CHAPITRE VII
Marion marchait. Seule, sur la route bordant le mur d'enceinte du parc qui l'isolait du reste du monde, elle marchait, pensive. Elle n'avait pas pu supporter l'idée de rester tout l'après-midi enfermée, à regarder dormir trois innocents pendant qu'on s'infiltrait dans leurs crânes.
Elle avait vécu ces derniers jours au bord d'elle-même. Puis l'angoisse était revenue, portée par le temps qui n'en finissait plus de passer.
Il bruinait. Le ciel prenait une couleur d'océan sans vagues. Elle ne prêtait pas attention à la pluie qui mouillait ses cheveux ; des gouttelettes scintillantes s'accrochaient à ses mèches, tombaient sur ses joues comme des larmes.
Elle avait eu sa chance. Elle avait réussi à oublier. David était avec elle, et tout était bien.
Touchant de ridicule. Elle se remémora une ancienne discussion avec une copine de fac, où elles avaient évoqué en riant l'idée d'un couple de psychiatres. « Chérie, si on faisait l'amour sur le divan... » Ouais. Tout semblait plus facile, en ce temps-là. Du moins, avec le recul...
Elle y avait presque cru, à cette stupide histoire d'amour. Jusqu'à ce que le doute la rejoigne sur sa trajectoire rose bonbon. L'avenir ne lui apparaissait qu'à travers une masse floue, indistincte, et de toute façon elle ne voulait pas y penser. Elle s'évertuait à vivre pour l'instant présent. Elle y parvenait presque.
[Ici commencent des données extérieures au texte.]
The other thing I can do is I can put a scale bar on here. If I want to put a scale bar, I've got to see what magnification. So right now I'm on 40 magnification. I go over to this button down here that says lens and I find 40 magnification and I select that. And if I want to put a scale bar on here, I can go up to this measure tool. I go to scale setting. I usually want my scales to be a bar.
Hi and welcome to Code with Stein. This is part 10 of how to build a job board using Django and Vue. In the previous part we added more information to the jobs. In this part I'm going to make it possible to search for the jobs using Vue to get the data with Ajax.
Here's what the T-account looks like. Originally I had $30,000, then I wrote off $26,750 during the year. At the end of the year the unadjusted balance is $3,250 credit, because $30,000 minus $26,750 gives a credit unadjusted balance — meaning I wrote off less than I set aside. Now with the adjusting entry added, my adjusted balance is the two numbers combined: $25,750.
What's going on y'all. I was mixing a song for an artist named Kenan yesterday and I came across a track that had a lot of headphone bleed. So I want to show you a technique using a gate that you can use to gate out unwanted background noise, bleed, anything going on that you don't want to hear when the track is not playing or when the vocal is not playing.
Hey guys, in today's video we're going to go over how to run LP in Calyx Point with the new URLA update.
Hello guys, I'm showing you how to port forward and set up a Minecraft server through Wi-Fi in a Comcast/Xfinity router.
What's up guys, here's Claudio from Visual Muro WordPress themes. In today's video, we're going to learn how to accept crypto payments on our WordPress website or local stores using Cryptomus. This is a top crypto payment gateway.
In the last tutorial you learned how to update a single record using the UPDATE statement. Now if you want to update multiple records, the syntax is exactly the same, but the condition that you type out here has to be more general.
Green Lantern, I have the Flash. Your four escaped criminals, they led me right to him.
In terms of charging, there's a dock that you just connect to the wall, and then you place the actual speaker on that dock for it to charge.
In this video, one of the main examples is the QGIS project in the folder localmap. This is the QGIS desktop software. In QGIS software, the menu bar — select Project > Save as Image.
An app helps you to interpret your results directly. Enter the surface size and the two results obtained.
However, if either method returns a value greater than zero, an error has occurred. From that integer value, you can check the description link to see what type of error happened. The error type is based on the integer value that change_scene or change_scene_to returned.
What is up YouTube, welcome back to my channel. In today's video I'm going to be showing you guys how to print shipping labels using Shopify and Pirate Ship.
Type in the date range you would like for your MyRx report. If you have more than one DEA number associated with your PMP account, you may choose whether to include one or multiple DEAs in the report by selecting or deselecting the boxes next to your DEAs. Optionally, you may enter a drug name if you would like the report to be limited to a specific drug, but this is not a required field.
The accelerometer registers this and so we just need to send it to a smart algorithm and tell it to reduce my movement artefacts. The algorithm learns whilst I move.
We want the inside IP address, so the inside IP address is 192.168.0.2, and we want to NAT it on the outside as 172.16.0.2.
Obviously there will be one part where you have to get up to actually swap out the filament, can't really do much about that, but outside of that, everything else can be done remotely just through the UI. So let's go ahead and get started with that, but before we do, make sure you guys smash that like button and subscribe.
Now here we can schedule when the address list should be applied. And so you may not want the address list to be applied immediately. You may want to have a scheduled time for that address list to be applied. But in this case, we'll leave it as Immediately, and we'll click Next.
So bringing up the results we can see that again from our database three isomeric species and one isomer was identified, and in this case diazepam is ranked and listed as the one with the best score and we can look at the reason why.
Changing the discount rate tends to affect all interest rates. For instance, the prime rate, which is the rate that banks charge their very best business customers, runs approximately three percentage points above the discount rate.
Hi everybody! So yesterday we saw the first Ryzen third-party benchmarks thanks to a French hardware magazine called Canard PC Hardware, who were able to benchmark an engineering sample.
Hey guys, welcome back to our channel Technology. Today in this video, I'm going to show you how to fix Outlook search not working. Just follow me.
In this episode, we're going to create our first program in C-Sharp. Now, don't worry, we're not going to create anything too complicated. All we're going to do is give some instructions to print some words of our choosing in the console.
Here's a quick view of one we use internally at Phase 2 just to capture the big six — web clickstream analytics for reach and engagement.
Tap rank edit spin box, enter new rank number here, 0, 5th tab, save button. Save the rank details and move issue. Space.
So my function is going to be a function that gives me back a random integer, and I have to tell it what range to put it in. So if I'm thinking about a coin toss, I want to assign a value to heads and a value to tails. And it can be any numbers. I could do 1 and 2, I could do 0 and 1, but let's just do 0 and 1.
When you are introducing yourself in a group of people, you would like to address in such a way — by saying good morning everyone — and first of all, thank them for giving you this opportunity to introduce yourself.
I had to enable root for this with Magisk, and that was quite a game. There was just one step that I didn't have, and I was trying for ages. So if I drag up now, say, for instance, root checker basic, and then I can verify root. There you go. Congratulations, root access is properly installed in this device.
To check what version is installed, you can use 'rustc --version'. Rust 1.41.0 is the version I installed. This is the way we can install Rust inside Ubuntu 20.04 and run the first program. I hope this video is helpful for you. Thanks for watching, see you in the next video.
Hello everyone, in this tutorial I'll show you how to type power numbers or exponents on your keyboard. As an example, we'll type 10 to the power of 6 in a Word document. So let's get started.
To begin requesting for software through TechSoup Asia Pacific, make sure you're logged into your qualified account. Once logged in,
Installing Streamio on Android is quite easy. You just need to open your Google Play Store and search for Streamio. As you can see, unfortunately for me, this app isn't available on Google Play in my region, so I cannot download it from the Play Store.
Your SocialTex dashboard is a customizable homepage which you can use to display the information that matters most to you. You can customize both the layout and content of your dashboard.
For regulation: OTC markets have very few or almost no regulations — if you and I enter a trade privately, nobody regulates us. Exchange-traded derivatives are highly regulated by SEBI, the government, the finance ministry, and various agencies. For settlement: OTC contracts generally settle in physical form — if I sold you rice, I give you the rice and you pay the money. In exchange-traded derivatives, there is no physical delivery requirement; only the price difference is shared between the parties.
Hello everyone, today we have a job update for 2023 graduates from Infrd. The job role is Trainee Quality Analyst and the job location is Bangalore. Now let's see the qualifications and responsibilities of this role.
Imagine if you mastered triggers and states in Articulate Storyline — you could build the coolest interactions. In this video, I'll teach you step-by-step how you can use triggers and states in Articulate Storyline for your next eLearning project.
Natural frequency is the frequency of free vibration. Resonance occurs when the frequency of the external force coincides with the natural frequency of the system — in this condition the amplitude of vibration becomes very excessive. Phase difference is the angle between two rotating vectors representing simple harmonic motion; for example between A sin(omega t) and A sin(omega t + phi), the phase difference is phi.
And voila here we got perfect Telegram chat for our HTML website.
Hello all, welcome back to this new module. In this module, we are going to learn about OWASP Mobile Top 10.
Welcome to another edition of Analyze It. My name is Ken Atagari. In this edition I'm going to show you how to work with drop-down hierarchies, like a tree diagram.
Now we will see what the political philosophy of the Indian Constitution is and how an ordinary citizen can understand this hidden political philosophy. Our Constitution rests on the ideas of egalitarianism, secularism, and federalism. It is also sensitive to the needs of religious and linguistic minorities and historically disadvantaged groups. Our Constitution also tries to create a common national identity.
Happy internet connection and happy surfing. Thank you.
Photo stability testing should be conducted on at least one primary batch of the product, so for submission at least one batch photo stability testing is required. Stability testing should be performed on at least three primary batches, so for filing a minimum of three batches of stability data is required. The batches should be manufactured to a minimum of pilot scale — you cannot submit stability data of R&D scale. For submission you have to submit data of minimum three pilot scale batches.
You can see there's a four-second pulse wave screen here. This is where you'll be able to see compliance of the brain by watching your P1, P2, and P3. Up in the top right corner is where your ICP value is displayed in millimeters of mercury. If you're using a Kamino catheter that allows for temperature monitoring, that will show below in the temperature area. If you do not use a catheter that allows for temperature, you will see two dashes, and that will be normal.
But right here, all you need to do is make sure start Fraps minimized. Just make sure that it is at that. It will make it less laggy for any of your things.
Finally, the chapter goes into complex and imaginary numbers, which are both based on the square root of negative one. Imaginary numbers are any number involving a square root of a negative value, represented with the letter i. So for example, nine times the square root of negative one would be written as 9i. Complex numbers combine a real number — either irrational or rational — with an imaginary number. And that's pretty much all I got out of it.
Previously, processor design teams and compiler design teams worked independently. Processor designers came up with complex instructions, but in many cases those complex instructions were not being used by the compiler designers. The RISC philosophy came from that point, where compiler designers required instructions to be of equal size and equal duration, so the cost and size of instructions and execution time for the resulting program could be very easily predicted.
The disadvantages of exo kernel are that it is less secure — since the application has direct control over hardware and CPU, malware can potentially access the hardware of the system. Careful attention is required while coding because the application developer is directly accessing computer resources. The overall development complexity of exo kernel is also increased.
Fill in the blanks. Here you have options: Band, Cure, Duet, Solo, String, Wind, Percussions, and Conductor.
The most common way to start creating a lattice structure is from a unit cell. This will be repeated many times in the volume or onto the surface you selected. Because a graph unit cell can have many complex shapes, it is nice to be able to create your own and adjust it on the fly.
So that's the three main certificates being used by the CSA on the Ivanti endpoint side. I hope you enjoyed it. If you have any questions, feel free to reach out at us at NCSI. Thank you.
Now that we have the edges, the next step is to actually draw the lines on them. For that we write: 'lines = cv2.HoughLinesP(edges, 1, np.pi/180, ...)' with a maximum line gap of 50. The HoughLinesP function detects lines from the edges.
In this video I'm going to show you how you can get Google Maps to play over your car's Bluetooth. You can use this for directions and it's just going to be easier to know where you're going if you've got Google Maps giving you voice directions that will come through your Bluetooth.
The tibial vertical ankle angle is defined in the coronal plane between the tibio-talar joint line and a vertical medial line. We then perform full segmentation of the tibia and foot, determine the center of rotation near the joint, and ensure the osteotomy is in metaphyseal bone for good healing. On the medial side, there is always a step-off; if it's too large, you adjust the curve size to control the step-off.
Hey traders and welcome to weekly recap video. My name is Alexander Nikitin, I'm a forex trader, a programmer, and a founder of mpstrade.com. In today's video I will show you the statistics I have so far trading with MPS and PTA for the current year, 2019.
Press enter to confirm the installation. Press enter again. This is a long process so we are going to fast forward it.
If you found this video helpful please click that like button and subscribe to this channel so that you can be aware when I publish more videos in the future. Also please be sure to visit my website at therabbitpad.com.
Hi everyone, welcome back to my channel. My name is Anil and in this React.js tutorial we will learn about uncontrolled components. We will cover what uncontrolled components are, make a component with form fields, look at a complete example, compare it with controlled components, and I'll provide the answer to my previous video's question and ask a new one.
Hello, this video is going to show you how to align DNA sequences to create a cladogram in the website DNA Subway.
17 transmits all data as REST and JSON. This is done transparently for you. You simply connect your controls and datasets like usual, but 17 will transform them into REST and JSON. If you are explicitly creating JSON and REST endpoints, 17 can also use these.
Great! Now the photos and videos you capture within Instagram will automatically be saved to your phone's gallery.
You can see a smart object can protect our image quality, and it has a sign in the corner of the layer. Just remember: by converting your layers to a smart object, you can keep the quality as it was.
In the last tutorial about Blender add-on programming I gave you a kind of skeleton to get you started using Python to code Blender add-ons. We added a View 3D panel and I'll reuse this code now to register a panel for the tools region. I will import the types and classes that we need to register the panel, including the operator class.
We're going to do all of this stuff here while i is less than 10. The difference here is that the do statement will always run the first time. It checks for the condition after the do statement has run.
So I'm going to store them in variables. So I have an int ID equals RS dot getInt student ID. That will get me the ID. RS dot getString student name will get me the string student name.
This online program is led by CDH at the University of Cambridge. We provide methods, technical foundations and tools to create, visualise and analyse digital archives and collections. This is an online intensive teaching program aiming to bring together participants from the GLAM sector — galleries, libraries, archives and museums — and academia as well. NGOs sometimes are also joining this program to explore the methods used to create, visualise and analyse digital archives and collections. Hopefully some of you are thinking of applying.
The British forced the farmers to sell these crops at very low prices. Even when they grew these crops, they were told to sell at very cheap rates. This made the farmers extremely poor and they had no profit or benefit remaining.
Le problème était revenu, naturellement. Elle le percevait dans leurs discussions. Elle sentait...
que tout dérapait. Chacun se réfugiait sur sa petite planète, se coupait de l'autre. Elle reconnaissait chez David ce regard qui semble plonger très loin, ces petits hochements de tête qui ne signifient rien... Et elle aussi dérapait, parfois. Lorsque David parlait voitures, ou politique, ou tous autres sujets qui ne la concernaient pas. Toujours cette sale barrière des mots qui ne voulaient pas sortir...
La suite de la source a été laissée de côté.